Search Unity

  1. Welcome to the Unity Forums! Please take the time to read our Code of Conduct to familiarize yourself with the forum rules and how to post constructively.

Question Behavior Name DOES match the one in the trainer configuration file but default config is still used?

Discussion in 'ML-Agents' started by theriser777, Nov 1, 2022.

  1. theriser777

    theriser777

    Joined:
    Feb 2, 2020
    Posts:
    11
    Sorry for the weird phrasing on the title, had to keep it short.

    I want to change the max_step parameter in the configurations, and despite the Behavior Name in Unity matching the one specified in configuration.yaml (that name being "WarshAgent"), MLAgents still insists on hitting me with this:

    [WARNING] Behavior name WarshAgent does not match any behaviors specified in the trainer configuration file.
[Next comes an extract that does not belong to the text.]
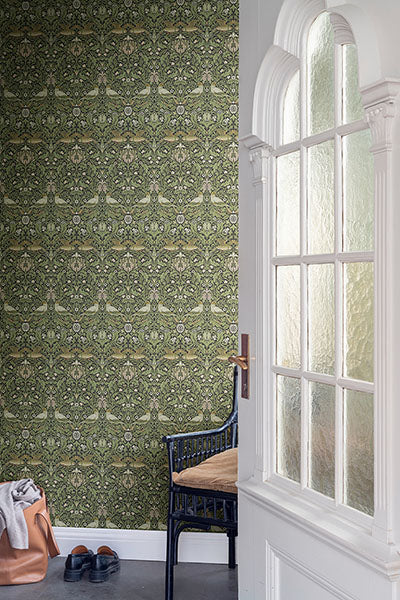 A-Street Prints 4171-82063  Wallpaper - Eade's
A default configuration will be used.

    And then uses a default configuration, so everytime I changed the max_step, it would get changed back to the default value.

    I did try using the command "python -m mlagents.trainers.upgrade_config configuration.yaml
    WarshAgent.yaml"
    but all that did was copy the content of configuration.yaml to WarshAgent.yaml, even when I deleted configuration.yaml it still created a new one and completely ignored WarshAgent.yaml.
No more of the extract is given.